A divide-and-conquer approach may help you. There is a very fast algorithm (nearly order N) called UnionFind which will divide the problem into groups of items that have
keys in common. Then each partition could be treated separately.
#!/usr/bin/perl
use strict;
use warnings;
use Bit::Vector::Overload;
use Graph::UnionFind;
# Insert real data here.
my %items = (
a => [ qw/one six/ ],
b => [ qw/two three five/ ],
c => [ qw/one two five/ ],
);
my $icount = keys %items;
print "Doing $icount items\n";
# Assign an index position to each item.
# Form a mapping from items to bit positions.
# Collect a list of bitmaps for combination work.
my @revipos;
my %ipos;
my @ilst;
my $ix = 0;
for my $itm ( sort keys %items ) {
$ipos{$itm} = $ix;
push @revipos,$itm;
my $set1 = new Bit::Vector($icount + 1);
$set1->Bit_On($ix);
push @ilst, $set1;
++$ix;
}
# Form a mapping from keywords to bit positions.
my $scount = 0;
my @revkpos;
my %kpos;
for my $itm ( @revipos ) {
for my $keyw ( @{ $items{ $itm }} ) {
if (!exists $kpos{$keyw}) {
$kpos{$keyw} = $scount++;
push @revkpos, $keyw;
}
}
}
# Also form a reverse index for later printing.

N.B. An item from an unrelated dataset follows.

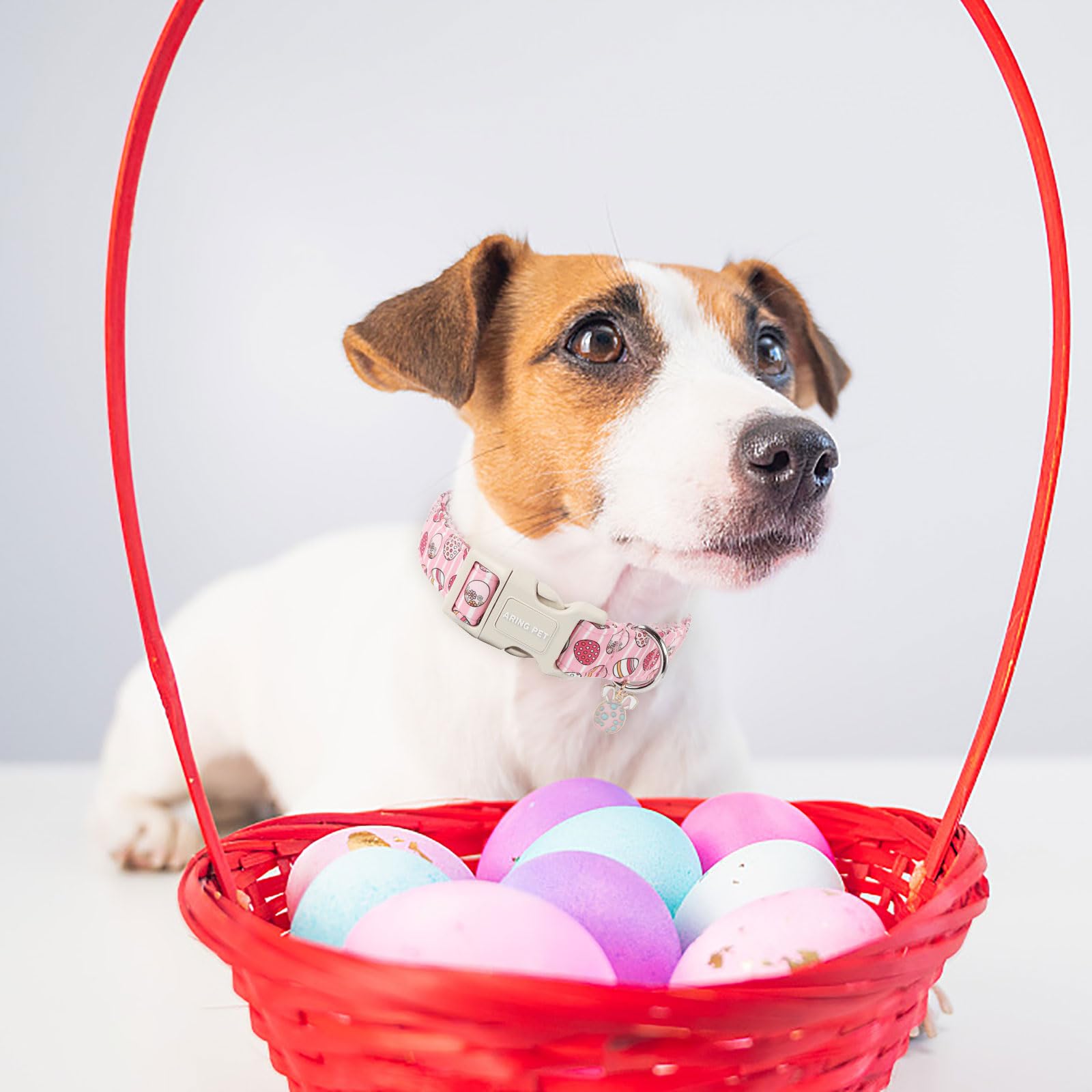 Aring Pet Easter Dog Collar-Cute Easter Eggs Dog Collar, Adjustable Easter Pink Striped Pet Collars Puppy Collar With Quick Rele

#my %revkpos = reverse(%kpos);
my $uf = Graph::UnionFind->new;
# Supplemental data to look up by union number.
my %union_data;
# Form bit vectors with ones in the keyword positions,
# one for every item.
my %keyword_vecs;
my @lst1;
my $i = 0;
for my $itm ( @revipos ) {
#print "doing item $i\n";
my $set0 = new Bit::Vector($scount + 1);
$keyword_vecs{$itm} = $set0;
for my $keyw ( @{ $items{ $itm }} ) {
$set0->Bit_On($kpos{$keyw});
}
# hold both sets - items and keywords together.
#push @lst1,[$ilst[$ipos{$itm}], $set0];
# unionfind to detect partitions.
$uf->add($i);
my $unioned = 0;
my @ukeys = keys %union_data;
for my $uk (@ukeys) {
my $partu = $uf->find($uk);
if ($uk != $partu) {
delete $union_data{$uk};
}
if ($set0 & $union_data{$partu}) {
$unioned = 1;
$uf->union( $i, $partu);
my $parti = $uf->find( $i );
my $newset = $set0 | $union_data{$partu};
delete $union_data{$partu} if ($partu != $parti);
$union_data{$parti} = $newset;
}
}
$union_data{$i} = $set0 if (!$unioned);
++$i;
}
print "Expecting ",scalar(keys %union_data)," partitions\n";
my @parts;
my %unique_parts;
my $pcount = 0;
for $i (0 .. $#revipos) {
my $parti = $uf->find( $i );
if (!exists $unique_parts{$parti}) {
$unique_parts{$parti} = $pcount;
push @{ $parts[$pcount] }, $i;
$pcount++;
} else {
push @{ $parts[ $unique_parts{$parti} ] }, $i;
}
}
print "Found $pcount partitions\n";
for $i (0 .. $#parts) {
print scalar( @{ $parts[$i] })," items in partition $i\n";
}